不発連合式バックドロップ

日記と余談です。

中平卓馬の写真集は一冊だけ持っている

 柳本尚規「プロヴォーク: 中平卓馬をめぐる50年目の日記 』(読書人)を読んだ。タイトル通り、写真同人誌『プロヴォーグ』制作の裏側を、特に中平卓馬の側から関わっていた人物の回顧録で、「日記」としながら×月×日形式ではないのはなんだが、多木浩二岡田隆彦高梨豊、そして森山大道らの躍動や、1968年というある意味で特別な一年(と思っている人は多いはず)を描いており、おもしろかった。できれば言及する写真の何枚か掲載してほしかった、せめて『プロヴォーグ』の表紙や中身くらいは。まぁ版権が高いから仕方ないのだろうけど。あくまで『プロヴォーグ』時代だけであって、そのあとは最後に少しだけ。そういえば中平卓馬の写真展「中平卓馬 火―氾濫 - 東京国立近代美術館」が開催されるので、というかそれに合わせて本を出したのだろう、せっかくなので行こう。
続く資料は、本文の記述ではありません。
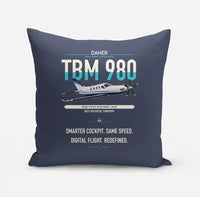 Thumbnail for Daher TBM 980 design on navy blue pillow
 それにしても五十年前の事をよくぞこんな克明に覚えているものだなと思う、それとも本当に日記をつけていたのだろうか。別に著者を疑っているわけではないけれど(本人も自分の記憶だとあとがきで念押ししている)、会話であれ行動であれ、ここまで覚えていられるものか。仮に私がたとえば最初の会社で関わったプロジェクトの事を書いてもこんな細かくは書けない、印象的ないくつかの出来事は覚えているけれど。まぁそれでも本人の記憶ならば受け入れられるんだけど、たまにノンフィクション、特に海外のもので、その場に居合わせたわけでもないのにあたかも見てきたかのように他人の場面を描写しているものがあるが、あれはいいのか、フィクションに近いのではないかといつも疑問に思ってしまう。